What is needed is an exact copy of the data below, pictures excluded.

───── Dataset excerpt

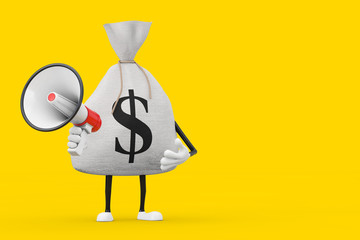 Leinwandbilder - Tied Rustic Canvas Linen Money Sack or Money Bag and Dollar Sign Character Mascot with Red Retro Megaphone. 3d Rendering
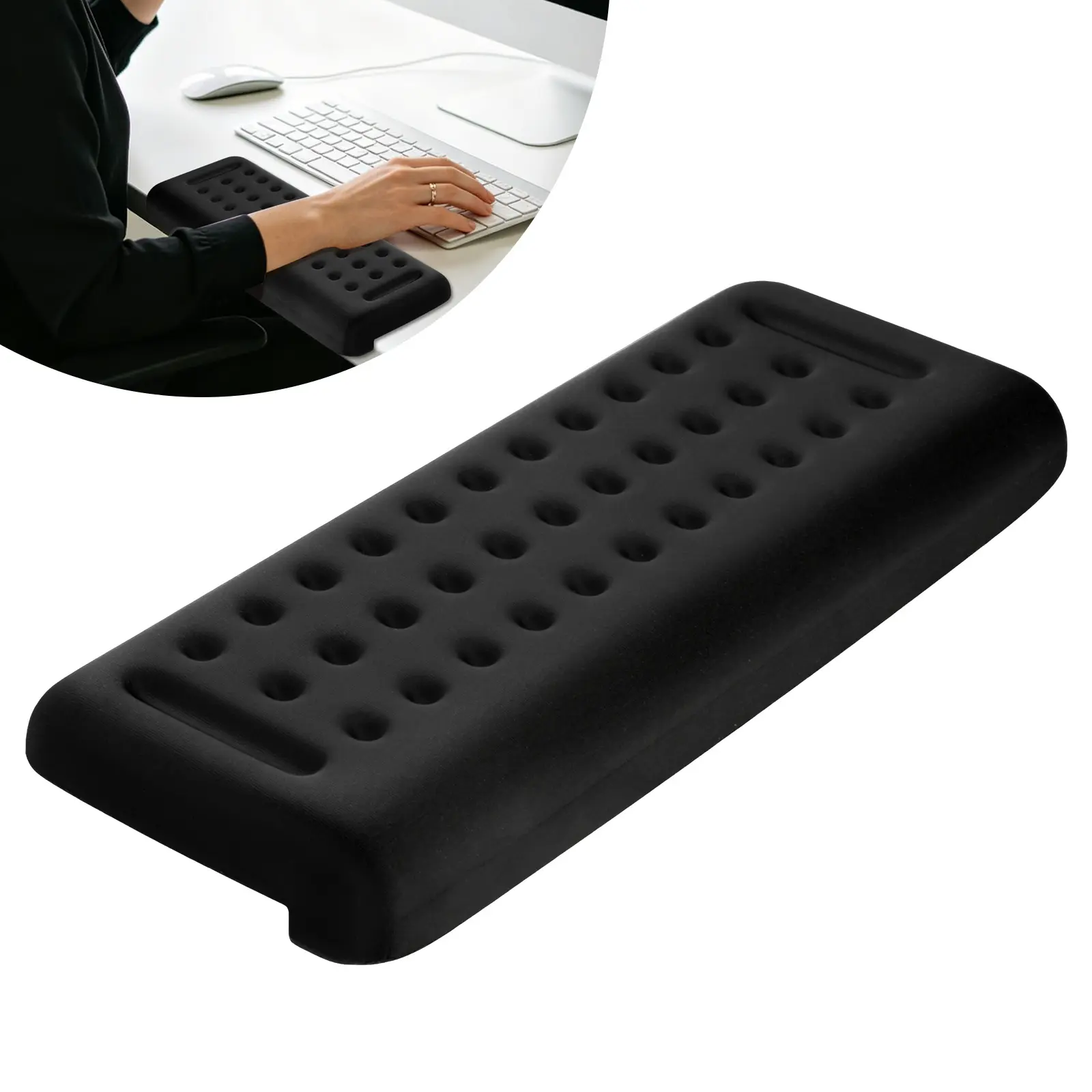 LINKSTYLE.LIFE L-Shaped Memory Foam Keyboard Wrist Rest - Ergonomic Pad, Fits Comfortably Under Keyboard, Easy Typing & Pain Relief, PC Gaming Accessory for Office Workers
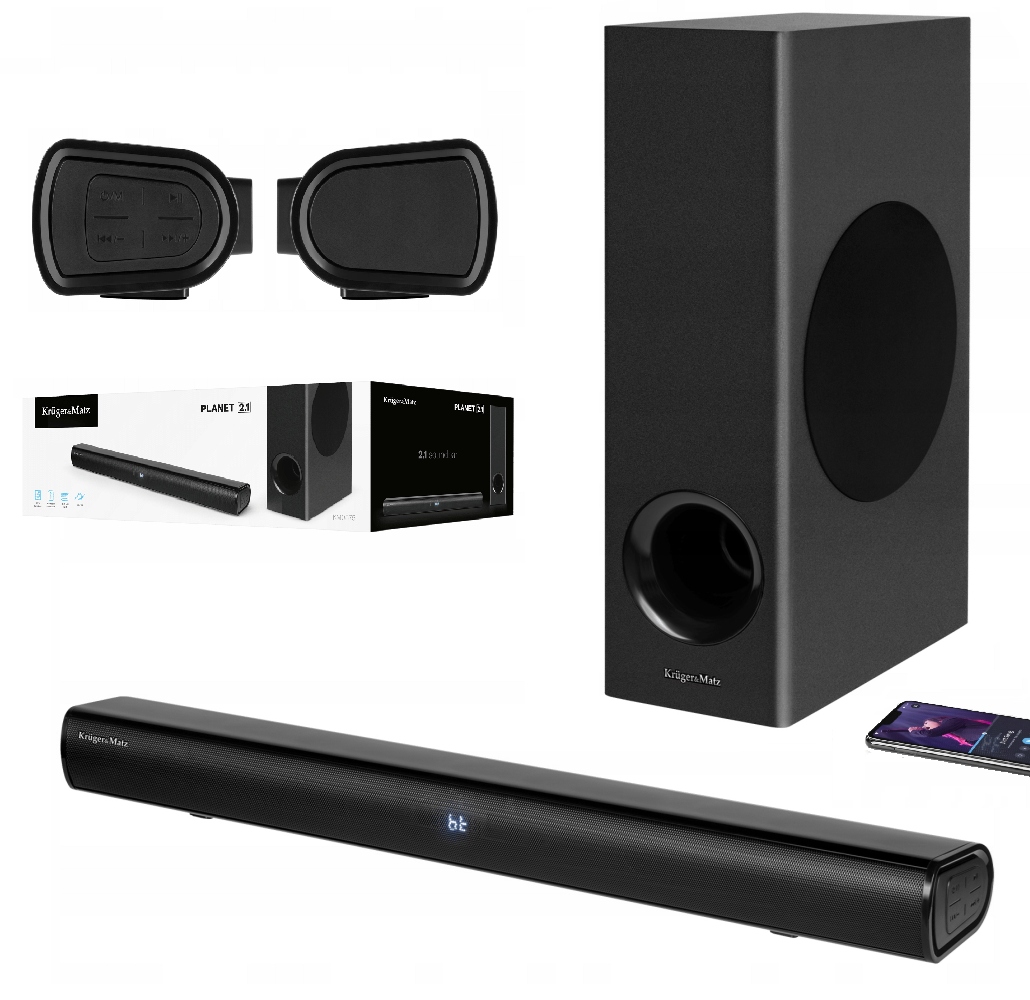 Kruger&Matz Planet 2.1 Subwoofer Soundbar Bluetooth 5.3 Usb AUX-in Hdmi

──────────

Task response:
 Leinwandbilder - Tied Rustic Canvas Linen Money Sack or Money Bag and Dollar Sign Character Mascot with Red Retro Megaphone. 3d Rendering
 LINKSTYLE.LIFE L-Shaped Memory Foam Keyboard Wrist Rest - Ergonomic Pad, Fits Comfortably Under Keyboard, Easy Typing & Pain Relief, PC Gaming Accessory for Office Workers
 Kruger&Matz Planet 2.1 Subwoofer Soundbar Bluetooth 5.3 Usb AUX-in Hdmi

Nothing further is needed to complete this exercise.